If you’re pairing a big, multi-joint exercise with a smaller isolation one, make sure you’re doing the meat-and-potatoes work first.
Pay attention to how intensely you’re performing each movement. You may have to tweak and cater supersets to your level of fitness. Remember that you’re performing a single set of two distinct movements, which will increase the demand placed on your body. Err on the side of easy the first time you implement a new superset to your workouts.
A good way to scale your intensity is by taking it easy on the first movement of your superset and then putting in higher effort on the second half, so you can get some well-earned rest time right after.
With the “what” and the “why” on paper, explaining exactly how to utilize supersets is simple. A few sample selections should set you on the right path towards integrating them into your own workouts.
Agonist-Antagonist — Hammer Curl + Dumbbell Skullcrusher
Same Muscle/PAP — Dumbbell Row + Dumbbell Pull-Over
Do a set of either single or double-armed dumbbell rows, then take one of the weights and go right into a set of dumbbell pullovers while lying on the bench for a one-two punch combo targeting the lats.
Upper/Lower — Romanian Deadlift + Upright Row
Finish a set of Romanian deadlifts before going directly into a set of barbell upright rows. While you may need to pause briefly to reduce the weight, going from one barbell lift to another should still be a huge time-saver.
If you’re still a little fuzzy on what supersets are or if they’re right for you specifically, we can take it another step further and look at common questions directly.
What are supersets?
A superset is the pairing of two exercises performed back-to-back with minimal to no rest in-between.

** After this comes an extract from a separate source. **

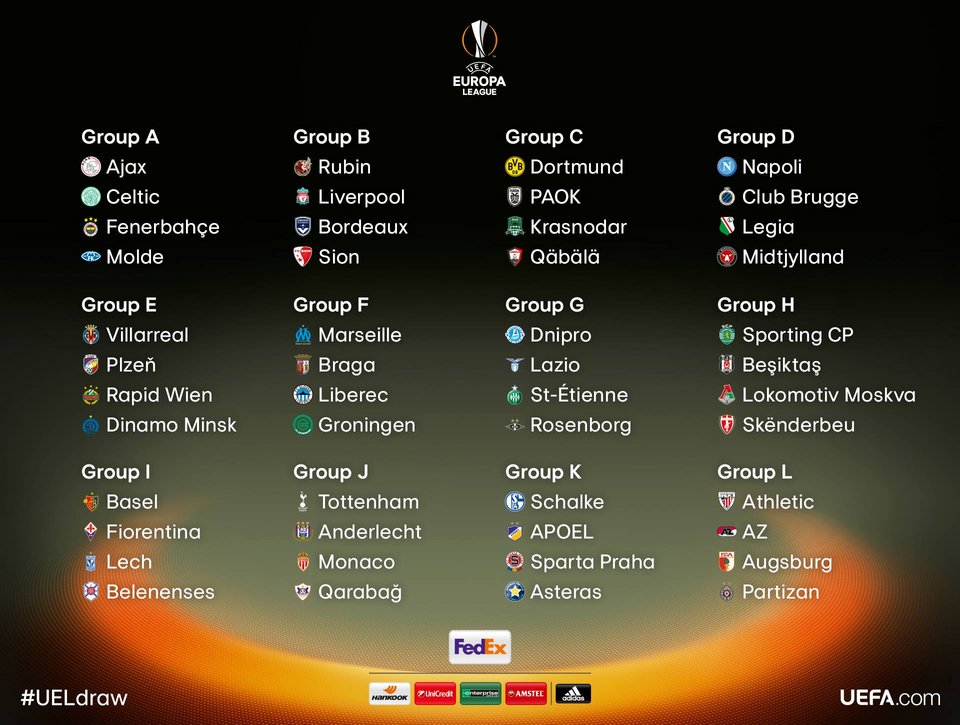 Europa League: Με Σάλκε, ΑΠΟΕΛ και Σπάρτα Πράγας στον όμιλο ο Αστέρας Τρίπολης | iefimerida.gr 0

What are some benefits of using supersets?
Superset benefits all come down to their programming and rationale for use. They are a great time saver in the gym, could benefit your power output, and provide heaps of extra muscular stimulus.
Who can use supersets?
As long as your rationale for including them makes sense, anyone — including rank beginners — can make use of supersets. That being said, if you’re just starting out with your first workout routine, the additional intensity provided by supersets may not be necessary for you to progress.
At a glance, supersets make for a useful way to save you time during your workouts. However, there’s more to them than meets the eye, and more benefits than you might think — if you know what you’re doing.
Whether it is getting a lot of work in quickly with upper-lower supersets, blasting your biceps with a same-muscle superset of curls, or fully engaging your quads and hamstrings with an agonist-antagonist superset, there’s enough variability to make supersets a worthy inclusion to any routine.